Available Indexes

Ingest Checklist

Key Components of Ingest

Digital Assets Submission Inventory

All depositors must fill out a Digital Assets Submission Inventory (DASI) prior to ingest. The DASI designates the specific body of content to be ingested and is the official record of submission. It should be signed by the University Librarian of the depositing institution or someone acting in a similar role (for consortia and non-library depositors).  A Creative Commons declaration form may be used to provide access to submitted works that are not in the public domain if appropriate rights have been obtained.
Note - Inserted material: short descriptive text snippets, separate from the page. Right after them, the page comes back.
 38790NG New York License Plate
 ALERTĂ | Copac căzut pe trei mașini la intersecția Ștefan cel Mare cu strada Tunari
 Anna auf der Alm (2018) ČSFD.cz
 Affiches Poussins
Submission of Bibliographic Metadata

Bibliographic metadata for each digital volume must be present in HathiTrust in order for the volumes to be ingested. Depositors make accurate bibliographic data available to the Zephir team at the California Digital Library at the University of California to be loaded into HathiTrust's bibliographic management system. (See the Ingest Checklist below for details). The bibliographic records act as a manifest of the digital content and are used as part of a broader digital object management strategy, including rights management. HathiTrust uses information in the submitted bibliographic records to make an initial rights determination about each volume. Details about the information in each bibliographic information that is used to make rights determinations is available at https://www.hathitrust.org/bib_rights_determination.

Bibliographic Metadata Specifications

Bibliographic metadata associated with digital volumes should conform to our specifications.

Submission of content

Submission of content can happen in a variety of ways, specified in the Digital Assets Submission Inventory.

Ingest Checklist

Administrative Coversheet

We request a variety of administrative information related to ingest of both bibliographic metadata and content. A fill-able coversheet that can be copied and submitted is available as a Google doc.
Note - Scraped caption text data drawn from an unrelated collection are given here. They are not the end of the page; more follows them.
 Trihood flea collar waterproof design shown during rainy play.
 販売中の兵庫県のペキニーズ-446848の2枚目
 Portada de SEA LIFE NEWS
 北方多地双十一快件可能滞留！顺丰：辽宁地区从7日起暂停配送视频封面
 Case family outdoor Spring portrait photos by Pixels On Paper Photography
Bibliographic Metadata Ingest

  • Contributor sends bibliographic records to the Zephir team at the University of California (UC).
    • Bibliographic data from each distinct source (e.g., Google, Internet Archive, local) should be sent separately, one file per source. See ​Bibliographic Metadata Submission.
  • Zephir receives bibliographic data
  • Zephir does duplicate detection based on OCLC number
    • This duplicate detection does not weed items; it associates items HathiTrust receives with existing bib records (if duplicates are detected) or creates new records (if bib records with matching OCLC numbers do not exist).
  • Zephir loads bibliographic data into metadata management system.

Content Ingest

Google Content:

  • Contributor selects a content package type and communicates the choice to Google
  • Most Contributors are using a hybrid format for scanned volumes, containing bitonal TIFF files for all-text pages and JPEG2000 files for images. This is the most cost-effective package, as average volume sizes are 25% smaller for the hybrid packages than the all-JPEG2000.
  • Contributor requests that Google open Contributor's GRIN instance to HathiTrust
  • HathiTrust requests decryption keys from Google and begins download from GRIN

Internet Archive-digitized Content:

  • HathiTrust uses identifier information included in the bibliographic metadata to download volumes from the Internet Archive and ingest them into HathiTrust.

Non-Google Content:

  • Contributor performs any pre-ingest transformations that are needed (HathiTrust provides tools to assist in transformation, validation, and packaging of materials for ingest).
  • Contributor delivers content to HathiTrust through agreed-upon mechanisms (hard drive, file download, etc.)
  • Pre-ingest quality assurance may be performed by contributors

All Content:

  • HathiTrust ingests a sample of objects, including validation of the objects, and creation of HathiTrust METS and PREMIS
  • HathiTrust performs internal testing to be sure volumes are working properly in the system
  • Ingest reports are made available to the Contributor at https://www.hathitrust.org/ingest_logs
  • Contributor may perform additional QA testing on ingested objects
  • Full ingest of Contributor's digital content begins